A nice touch is a slim pocket built into the back of the bag. It operates with a small magnet located in the center of the top of the pocket, which keeps papers or magazines from flying out. Keep in mind, though, that it's just one magnet in one area, so rain and moisture can still get in to the pocket relatively easily.
The bottom of the bag is well padded with thick leather that definitely looks like it could take a beating. Speaking of which, this padded bottom section is one of the best features of this bag. Because of the rigid padding, the Union Street stays upright and maintains it's form when placed on the ground. This may not sound like a big deal, but as anyone whose dealt with a camera bag flopping over or looking like a bag of soup when placed on the ground can tell you, this can make all the difference in the world.

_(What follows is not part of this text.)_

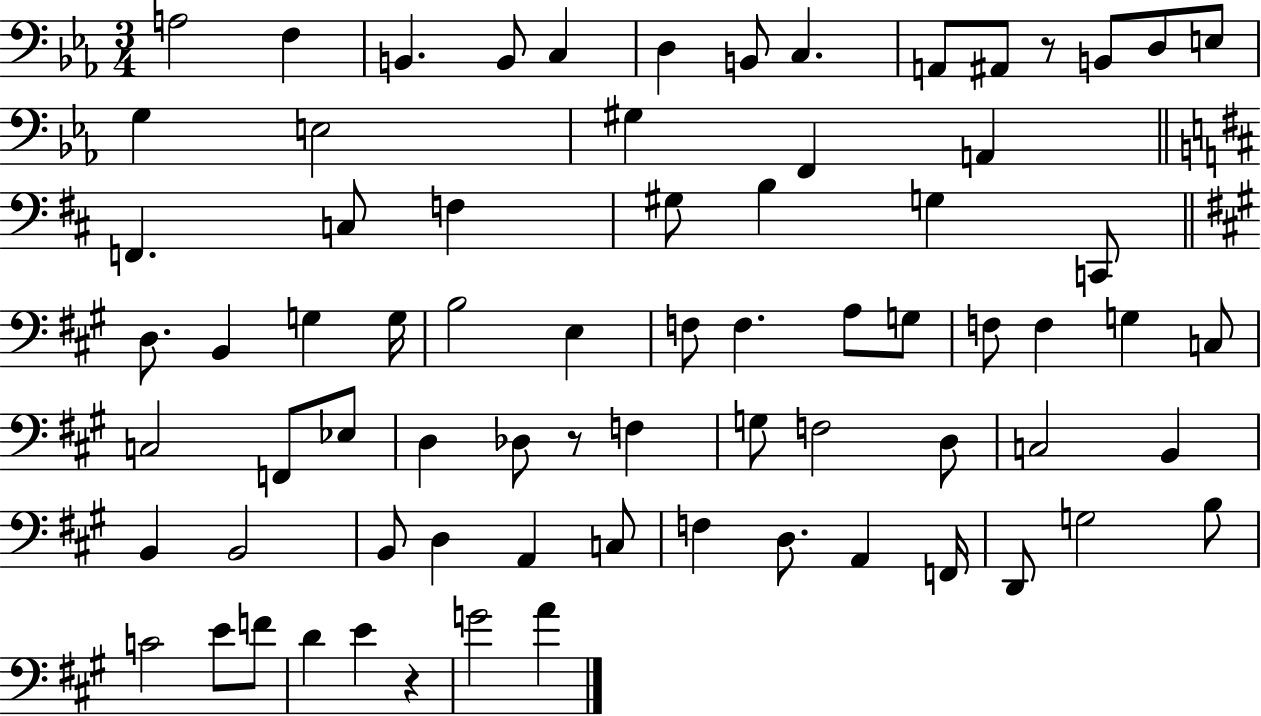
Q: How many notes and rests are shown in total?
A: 73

There are outer pockets on the sides of the bag, but they're so tight and horizontally challenged, that I haven't actually figured out a use for them yet. You could probably fit a backscratcher in there, or something equally useless.
One thing I found rather dissapointing immediately upon opening the box and trying it on was the strap length. I'm not a huge guy, but I'm not a small person either. I'm about six feet tall, not fat, not super skinny, but I found the strap to be a little short. Well, it's not so much that its short. At its longest setting, its actually perfect, and hangs at just the right spot (which puts the top of the bag right around the level of the top of my belt) when carried across the chest. But thats as big as it gets, and that's somewhat troubling for such an expensive bag. The fact that I can't make it any longer if I want to do so irritates me, if only for the fact that I know I can't. I doubt I'll have a need to make it longer, but its something that would have been a nice option to have.

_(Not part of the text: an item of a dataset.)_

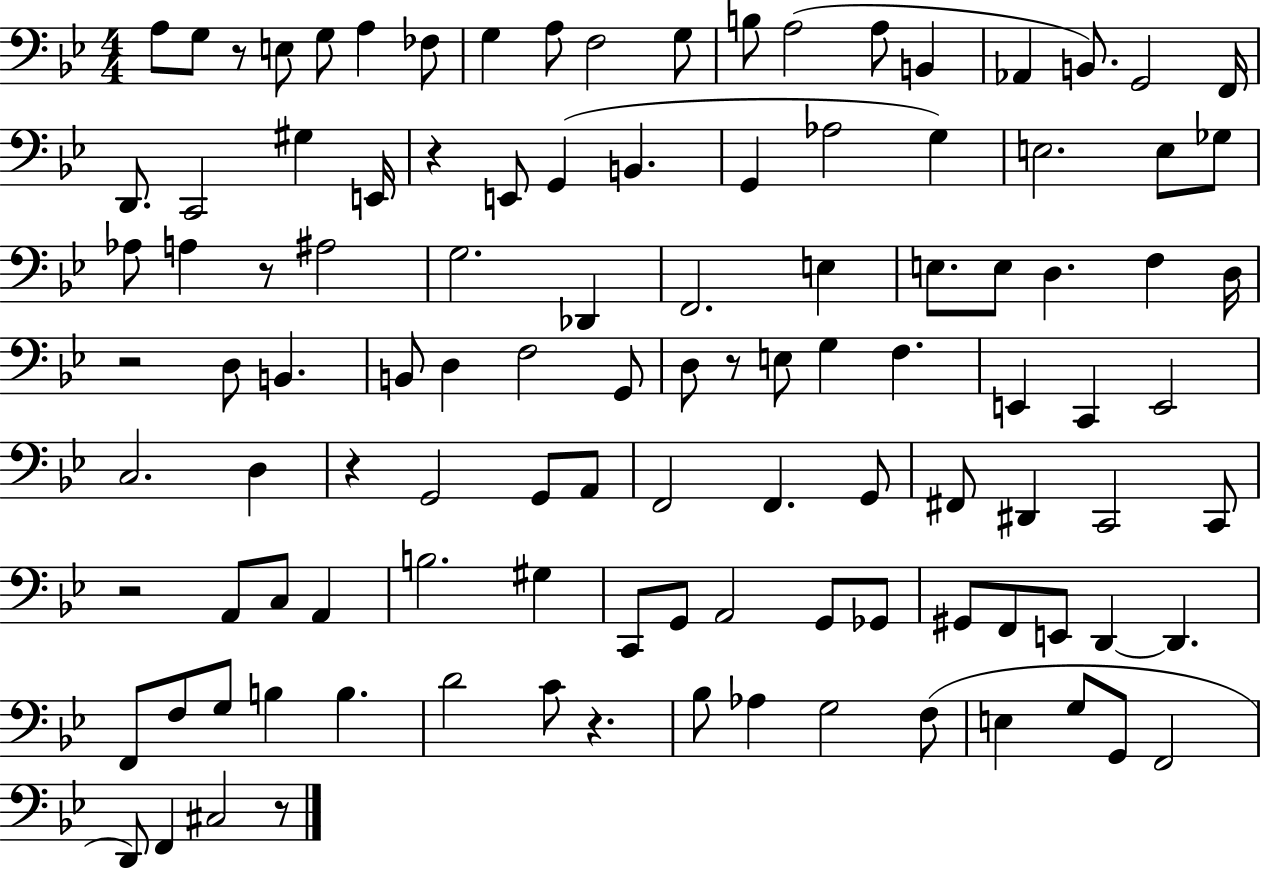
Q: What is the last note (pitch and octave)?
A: C#3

Another small gripe is the second, smaller, carrying handle. A short loop at the back of the bag, it really only exists as a handle for moving the bag short distances. When you attempt to use it, it results in the bag awkwardly tipping, with the top leaning out and the bottom leaning in. This makes it hard to walk with, and causes your legs to bump into it constantly. I'm not so sure ONA could have done anything differently due to the overall design of the bag, but its a gripe nonetheless. I'll stick to using it solely to move it short distances, and using the main strap for general carrying, as it was meant to be.

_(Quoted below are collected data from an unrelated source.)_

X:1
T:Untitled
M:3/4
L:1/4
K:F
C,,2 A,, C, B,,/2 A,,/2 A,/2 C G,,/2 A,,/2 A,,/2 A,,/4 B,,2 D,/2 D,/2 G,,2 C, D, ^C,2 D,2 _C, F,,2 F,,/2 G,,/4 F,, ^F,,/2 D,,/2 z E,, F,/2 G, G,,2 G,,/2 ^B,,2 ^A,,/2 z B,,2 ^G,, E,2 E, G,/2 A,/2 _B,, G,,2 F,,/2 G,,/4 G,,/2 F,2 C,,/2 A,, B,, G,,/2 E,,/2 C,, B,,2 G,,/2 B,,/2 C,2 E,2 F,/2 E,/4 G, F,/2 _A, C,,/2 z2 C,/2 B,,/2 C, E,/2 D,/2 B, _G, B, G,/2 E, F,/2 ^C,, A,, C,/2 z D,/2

The first thing I noticed when I opened the Union Street was the interior lining. It was thick, well padded, and soft. Frankly, it was luxurious. It comes with four dividers, two tall, and two short. I didn't need two short dividers, so I stacked them on top of each other to create another tall divider of sorts. The laptop compartment is roomy enough, and fits up to a 15 inch laptop. That being said, there isn't tons of room, so the thinner your laptop, the better off you will be. An iPad does even better. You can also remove the laptop divider completely and fasten the dividers directly to the back wall of the Union Street if you so choose. Personally, I don't usually bring a laptop with me, but I leave it in anyway. I don't find the laptop divider to take up that much room, and my lenses actually fit more snug and secure with the divider in than out, plus a little extra padding never hurt.
In my daily use, I carry a Nikon SB-910 Speedlite, a Nikon 24-70 or 24mm 1.4G (not both) with hood mounted, a Nikon 70-200 VRII with hood reversed, and a Nikon 50mm or 35mm 1.4G (not both) with hood mounted, and everything fits securely and snug. Not too tight, not too loose. Just perfect. I don't usually keep a body in it, but that's because its always in my hands, along with one of the above mentioned lenses.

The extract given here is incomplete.